I need a plain text representation of an arbitrary HTML file (e.g., a blog post). So far that's not a problem, there are dozens of HTML to txt converters. However, the text in paragraphs (read "p
elements") should be justified in the plain text view (to a certain amount of columns) and, if possible, hyphenated to give a better readable result. Also, the resulting text file must be UTF-8 or UTF-16.
Simple plain text conversation I can do with XSLT, that's near to trivial. But the justification of text is beyond its possibilities (not quite true, because XSLT is Turing complete, but close enough to reality).

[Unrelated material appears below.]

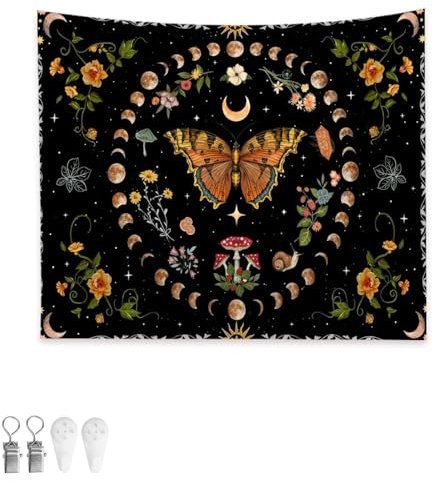 JANDH Schmetterling Tapestry, Schmetterling Wandteppiche, 150 x 100 cm Wandteppich Aesthetic, Wand Teppiche für Bedroom Decor, Wanddekorationen, Wandkunst, Tischdecken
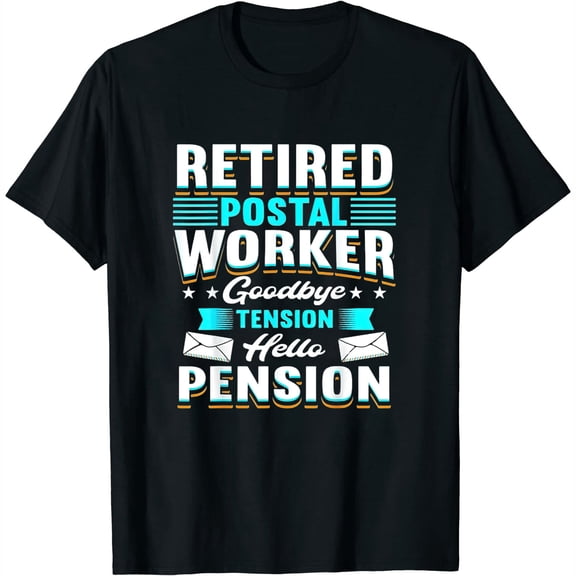 Womens Retired Postal Worker Mailman Retirement T-Shirt Black Medium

FOP and XSL-FO don't work either. They do as requested, but FOP's plain text output is horrible (the developers say, that it is not intended for such usage).
I also experimented with HTML -> XSLT -> Roff, but I'm stuck with groff and its Unicode support is far from optimal. Since there are characters like ellipses ("...") and typographically correct quotaion marks, it is quite cumbersome to tell groff in the XSLT stylesheet the escape sequences for dozens of Unicode characters.
Another way could be conversion to TeX and output as plain text, but I have never tried this before with (La)TeX.
Perhaps I have missed something really simple. Has anyone an idea, how I could achieve the above? By the way: A solution should preferably work without root rights to install, with PHP, Python, Perl, XSLT or any program found in a half-decent Linux distro.